9. In B.C. Chaturvedi Vrs. Union of India, (1995) 6 SCC 749, again, a three Judge Bench of this Court has
held that power of judicial review is not an appeal from a decision but a review of the manner in which the decision is made. Power of judicial review is meant to ensure that the individual receives fair treatment and not to ensure that the conclusion which the authority reaches is necessarily correct in the eyes of the court. The Court/Tribunal in its power of judicial review does not act as an appellate authority to re-appreciate the evidence and to arrive at its own independent findings on the evidence. It was held as under:
812. Judicial review is not an appeal from a decision but a review of the manner in which the decision is made. Power of judicial review is meant to ensure that the individual receives fair treatment and not to ensure that the conclusion which the authority reaches is necessarily correct in the eye of the court.
When an inquiry is conducted on charges of misconduct by a public servant, the Court/Tribunal is concerned to determine whether the inquiry was held by a competent officer or whether rules of natural justice are complied with.
Whether the findings or conclusions are based on some evidence, the authority entrusted with the power to hold inquiry has jurisdiction, power and authority to reach a finding of fact or conclusion. But that finding must be based on some evidence. Neither the technical rules of Evidence Act nor of proof of fact or evidence as defined therein, apply to disciplinary proceeding. When the authority accepts that evidence and conclusion receives support
therefrom, the disciplinary authority is entitled to hold that the delinquent officer is guilty of the charge. The Court/Tribunal in its power of judicial review does not act as appellate authority to re-appreciate the evidence and to arrive at its own independent findings on the evidence. The Court/Tribunal may interfere where the authority held the proceedings against the delinquent officer in a manner inconsistent with the rules of natural justice or in violation of statutory rules prescribing the mode of inquiry or where the conclusion or finding reached by the disciplinary authority is based on no evidence. If the conclusion or finding be such as no reasonable person would have ever reached, the Court/Tribunal may interfere with the conclusion or the finding, and mould the relief so as to make it appropriate to the facts of each case.

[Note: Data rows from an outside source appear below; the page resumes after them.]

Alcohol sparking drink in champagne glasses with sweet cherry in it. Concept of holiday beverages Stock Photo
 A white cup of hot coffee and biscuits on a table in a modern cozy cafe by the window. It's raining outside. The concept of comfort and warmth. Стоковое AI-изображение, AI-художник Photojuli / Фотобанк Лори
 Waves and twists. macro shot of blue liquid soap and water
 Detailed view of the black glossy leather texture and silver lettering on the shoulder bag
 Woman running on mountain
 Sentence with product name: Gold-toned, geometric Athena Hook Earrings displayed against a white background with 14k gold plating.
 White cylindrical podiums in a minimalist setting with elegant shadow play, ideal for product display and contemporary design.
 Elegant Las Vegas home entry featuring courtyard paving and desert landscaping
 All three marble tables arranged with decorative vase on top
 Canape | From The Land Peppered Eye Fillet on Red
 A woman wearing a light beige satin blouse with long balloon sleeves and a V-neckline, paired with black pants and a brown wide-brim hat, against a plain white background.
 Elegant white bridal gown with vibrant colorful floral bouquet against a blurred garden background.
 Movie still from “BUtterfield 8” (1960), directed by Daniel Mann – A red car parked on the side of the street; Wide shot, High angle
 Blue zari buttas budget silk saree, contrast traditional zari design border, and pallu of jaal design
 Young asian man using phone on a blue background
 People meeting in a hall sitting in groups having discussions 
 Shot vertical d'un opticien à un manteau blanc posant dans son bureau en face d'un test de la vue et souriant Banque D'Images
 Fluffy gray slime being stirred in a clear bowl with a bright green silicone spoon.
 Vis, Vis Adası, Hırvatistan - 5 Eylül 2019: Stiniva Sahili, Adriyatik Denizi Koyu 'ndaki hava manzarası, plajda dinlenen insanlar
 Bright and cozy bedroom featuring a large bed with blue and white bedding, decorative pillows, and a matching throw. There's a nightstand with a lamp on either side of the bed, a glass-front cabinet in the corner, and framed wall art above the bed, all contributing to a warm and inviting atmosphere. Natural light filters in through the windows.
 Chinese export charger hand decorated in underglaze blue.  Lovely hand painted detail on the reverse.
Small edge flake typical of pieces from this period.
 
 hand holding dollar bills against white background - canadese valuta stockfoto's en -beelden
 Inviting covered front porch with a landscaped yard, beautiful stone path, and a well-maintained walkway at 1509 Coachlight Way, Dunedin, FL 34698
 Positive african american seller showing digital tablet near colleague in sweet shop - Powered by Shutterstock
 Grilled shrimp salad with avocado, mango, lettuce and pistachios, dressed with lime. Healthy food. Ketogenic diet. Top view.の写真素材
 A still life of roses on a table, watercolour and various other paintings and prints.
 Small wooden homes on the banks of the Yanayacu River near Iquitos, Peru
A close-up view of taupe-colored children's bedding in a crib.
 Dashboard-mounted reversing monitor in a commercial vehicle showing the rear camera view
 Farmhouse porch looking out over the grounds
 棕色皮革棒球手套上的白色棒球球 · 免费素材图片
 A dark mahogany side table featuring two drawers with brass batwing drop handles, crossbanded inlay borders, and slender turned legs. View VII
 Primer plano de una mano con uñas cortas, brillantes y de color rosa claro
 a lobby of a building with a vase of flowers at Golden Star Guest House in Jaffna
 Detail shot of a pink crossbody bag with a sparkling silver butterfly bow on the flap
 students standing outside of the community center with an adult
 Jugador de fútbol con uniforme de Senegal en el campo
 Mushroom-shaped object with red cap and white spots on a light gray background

13. The disciplinary authority is the sole judge of facts. Where appeal is presented, the Appellate Authority has co-extensive power to re- appreciate the evidence or the nature of punishment. In a disciplinary inquiry the strict proof of legal evidence and findings on that evidence are not relevant. Adequacy of evidence or reliability of evidence cannot be permitted to be canvassed before the Court/Tribunal. In Union of India Vrs. H.C. Goel, (1964) 4 SCR 781, this Court held at page 728 that if the conclusion, upon consideration of the evidence, reached by the disciplinary authority, is perverse or suffers from patent error on the face of the record or based on no
evidence at all, a writ of certiorari could be issued.9
10. In High Court of Judicature at Bombay through its Registrar Vrs. Shashikant S. Patil, (2000) 1 SCC 416, this Court held that interference with the decision of departmental authorities is permitted if such authority had held proceedings in violation of the principles of natural justice or in violation of statutory regulations prescribing the mode of such enquiry while exercising jurisdiction under Article 226 of the Constitution. It was held as under:
816. The Division Bench of the High Court seems to have approached the case as though it was an appeal against the order of the administrative/disciplinary authority of the High Court. Interference with the decision of departmental authorities can be permitted, while exercising jurisdiction under Article 226 of the Constitution if such authority had held proceedings in violation of the principles of natural justice or in violation of statutory regulations prescribing the mode of such enquiry or if the decision of the authority is vitiated by considerations extraneous to the evidence and merits of the case, or if the conclusion made by the authority, on the very face of it, is wholly arbitrary or capricious that no reasonable person could have arrived at such a conclusion, or grounds very similar to the above. But we cannot overlook that the departmental authority (in this case the Disciplinary Committee of the High Court) is the
sole judge of the facts, if the enquiry has been properly conducted. The settled legal position is that if there is some legal evidence on which the findings can be based, then adequacy or even reliability of that evidence is not a matter for canvassing before the High Court in a writ petition filed under Article 226 of the Constitution.9
11. In State Bank of Bikaner and Jaipur Vrs. Nemi Chand Nalwaya, (2011) 4 SCC 584, this Court held that the courts will not act as an appellate court and reassess the evidence led in the domestic enquiry, nor interfere on the ground that another view is possible on the material on record. If the enquiry has been fairly and properly held and the findings are based on evidence, the question of adequacy of the evidence or the reliable nature of the evidence will not be ground for interfering with the findings in departmental enquiries. The Court held as under:
87. It is now well settled that the courts will not act as an appellate court and reassess the evidence led in the domestic enquiry, nor interfere on the ground that another view is possible on the material on record.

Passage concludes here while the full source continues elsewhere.